Now, there could have been multiple reasons as to how the incident took place. However, smart speaker manufacturers build in some ways to physically stop these smart speakers from invading your privacy, even if the software goes rogue. If you have just got yourself a smart speaker, then we suggest you should go through these pointers if safeguarding your privacy is of prime importance.
Mute the microphone/camera when not needed
Every smart speaker comes with a physical button to disable the microphone on smart speakers. If you own a Google Home or any of Amazon’s Echo devices, you can locate a physical button that’s dedicated to turning off the microphone when not needed. On Amazon’s Echo Spot, the same button also disables the camera. Apple’s HomePod doesn’t have any button, but you can ask Siri to mute the microphone.
Turn up the volume to the max
This might seem impractical, but it’s one of the safest ways to detect activity on these speakers if the call word is initiated by accident. A higher volume will draw attention to the device if it has recorded something and is asking permission to send it to one of your contacts.
Keep it disconnected from the Wi-Fi
When you are sure that you won’t need the smart speaker active for a considerable amount of time — for example, while enjoying a movie on your TV, then it’s wise to disconnect it from the network. A disconnected smart speaker is as good as a dumb wireless speaker.
Don’t give access to contacts
Now, this might be slightly impractical and may defeat the purpose of a smart speaker. However, if you are suspicious of your smart speaker secretly recording stuff and sending it to random contacts, then it’s wise to block it from gaining access to your phonebook. With no contacts on its server, the speaker won’t be able to send it to anyone.
Turn off calling and messaging
While most smart speakers come with these enabled by default, seeking assistance from customer service will help you turn off calling and messaging. Without these features, your smart speaker is limited to a voice-based search engine, eradicating any sort of doubt about the speaker sending your conversation to your contacts.

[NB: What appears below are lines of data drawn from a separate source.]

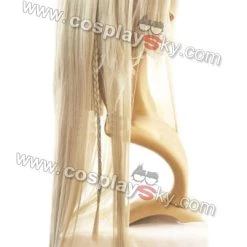 NewCosplay Black Butler Undertaker 100cm Cosplay Wig New Arrivals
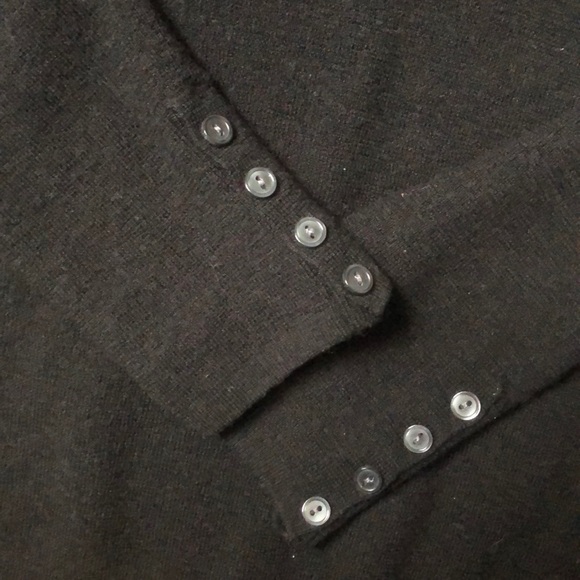 Banana Republic Merino Wool Sweater - Picture 4 of 5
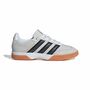 adidas Spezialist - ftwwht/cblack/gretwo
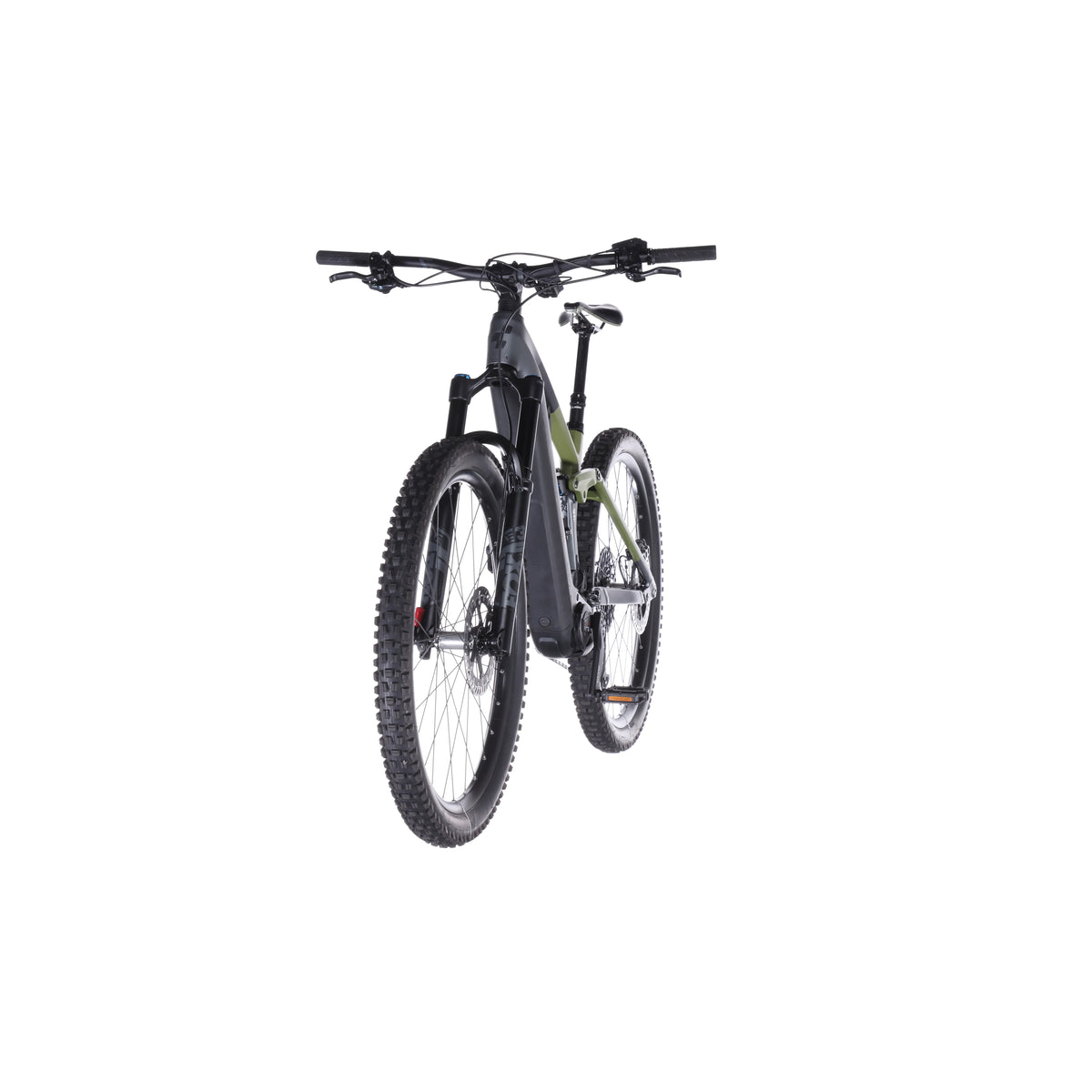 Stereo Hybrid 140 HPC TM 750 - 360° view angle 7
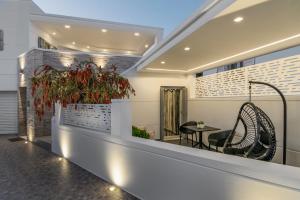 Margarets Unique Apartment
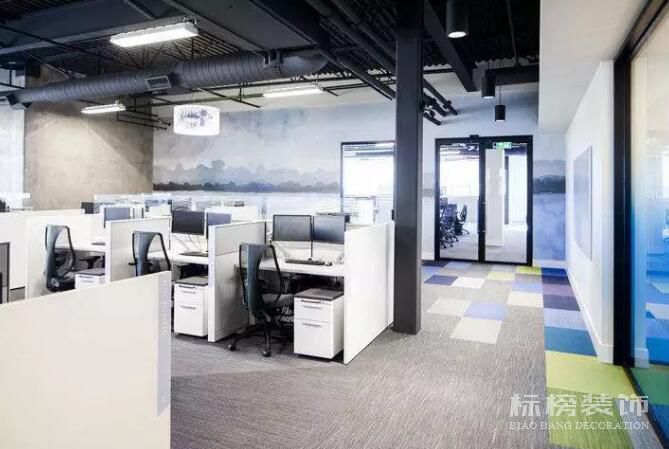 深圳办公室装饰布局要考虑哪些要点？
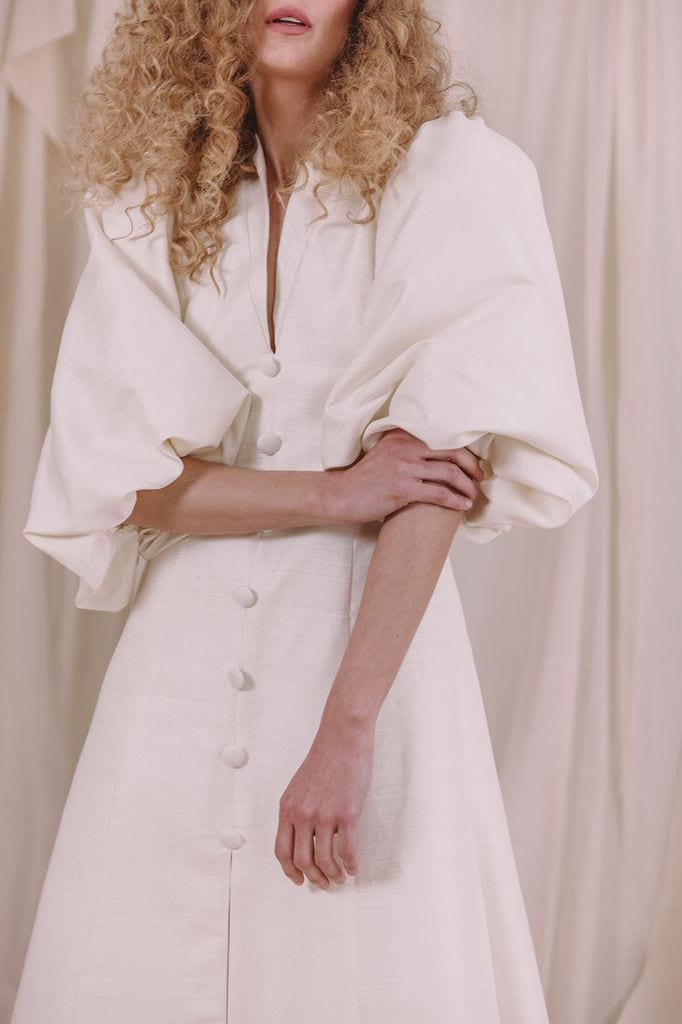 Lorena Formoso coleccion 2025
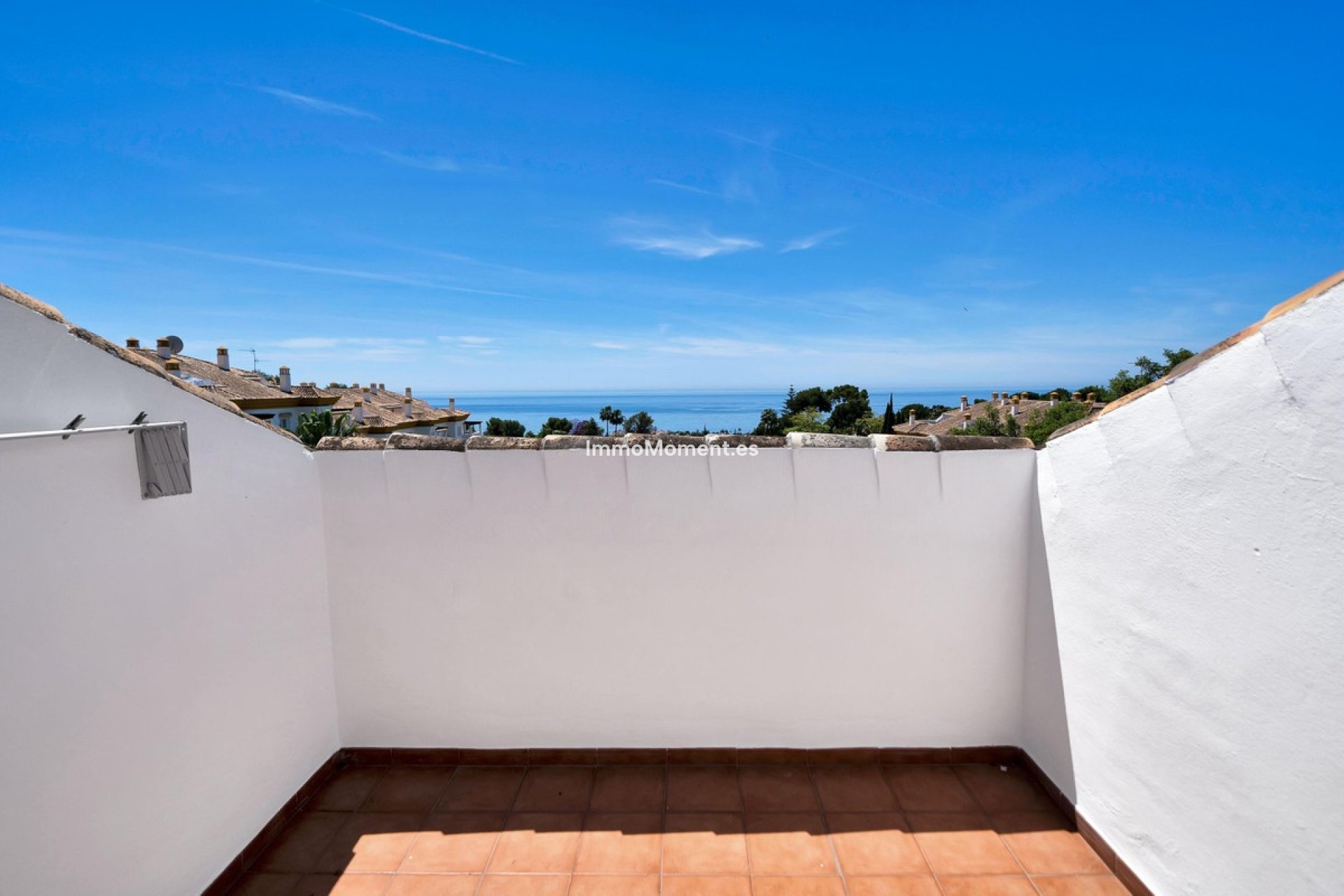 Resale - Apartment - Marbella - Marbella Centro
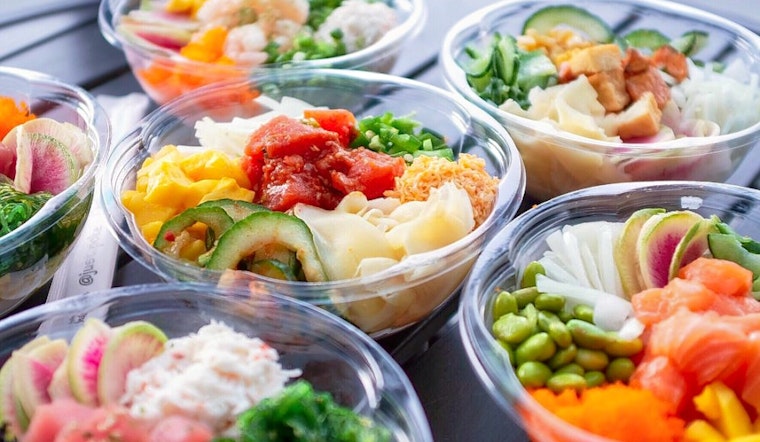 Craving poke? Here are Bellevue's top 5 options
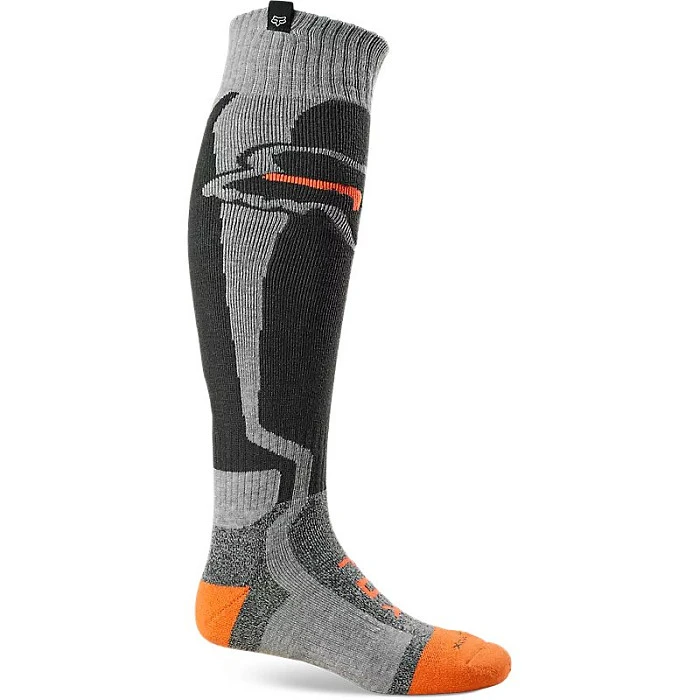 Fox 360 Vizen Dark Shadow Grey мотоноски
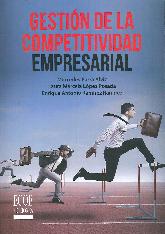 Gestin de la Competitividad Empresarial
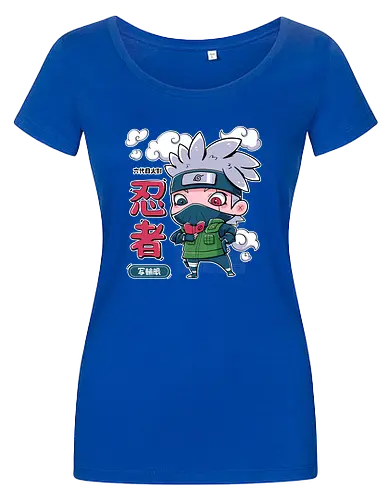 Cute Kakashi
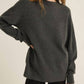 Z Supply - Gia Crew Neck Sweater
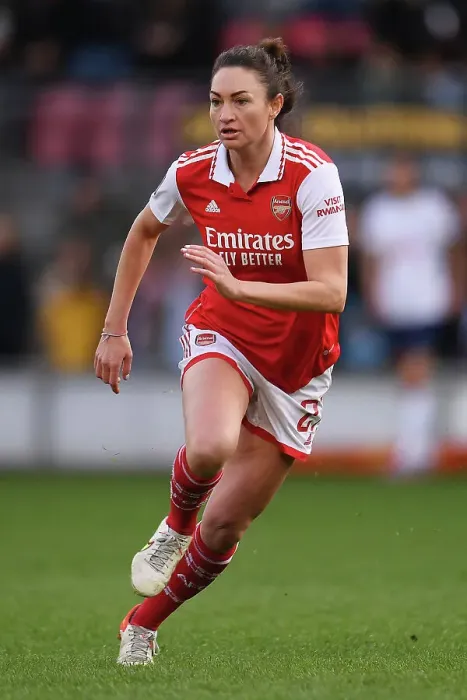 Framed Print : Arsenal vs. Tottenham Hotspur: Women's Super League Clash at Brisbane Road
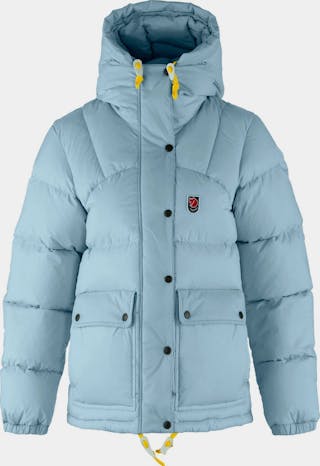 Fjällräven Expedition Down Lite Jacket Women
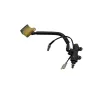 Maitre cylindre frein arriere HONDA CBR 1000 RR FIREBLADE 2006 - 2007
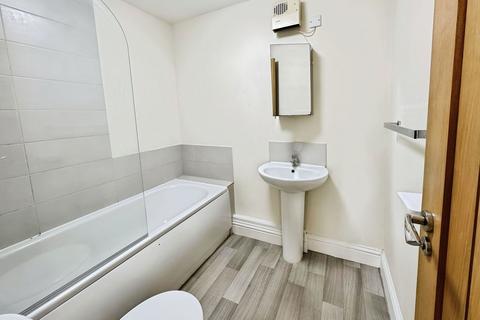Apartment F, Avon House Tithe Barn Crescent, Swindon, SN1 4NP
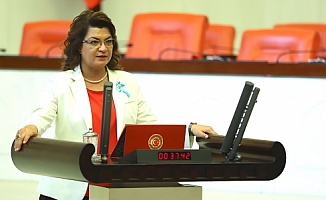 CHP'li Şahin: Kızlar Manastırı'nda neler oluyor?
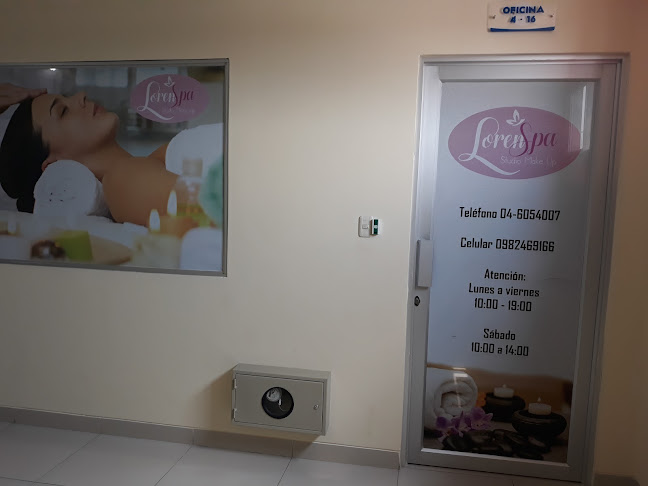 Loren Spa - Spa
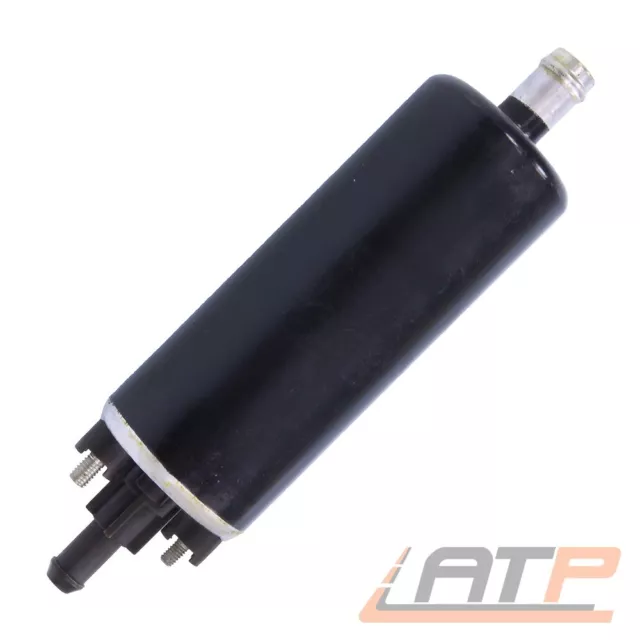 Kraftstoffpumpe Benzinpumpe Förderpumpe Für Vw Polo 86C 1.0 1.3+G40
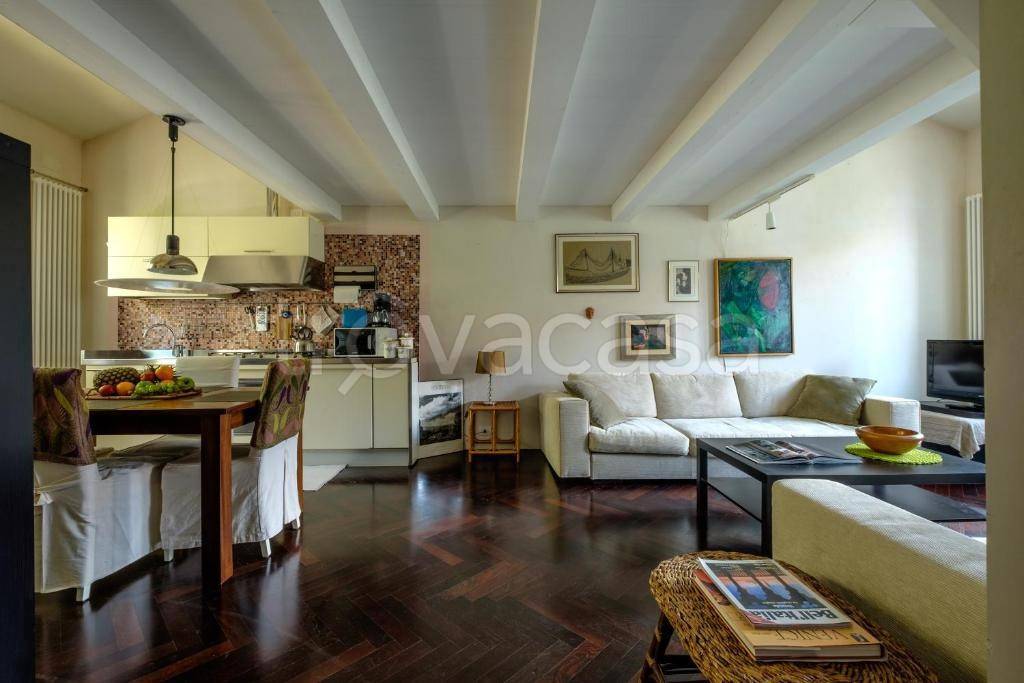 appartamento in vendita a Venezia in zona Sestiere San Marco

Lastly, don’t buy one, if you are suspicious
This is a logical advice if you are suspicious of these smart devices spying on you, even when you have tried all of the stuff mentioned here. Despite manufacturers building in security measures, you won’t be able to use one in a way it’s meant to if you lack trust on these devices. If all you want is a voice assistant helping you out, you can rely on your smartphone and connect it to a wireless speaker, although you still run the risk of being tracked by your phone too.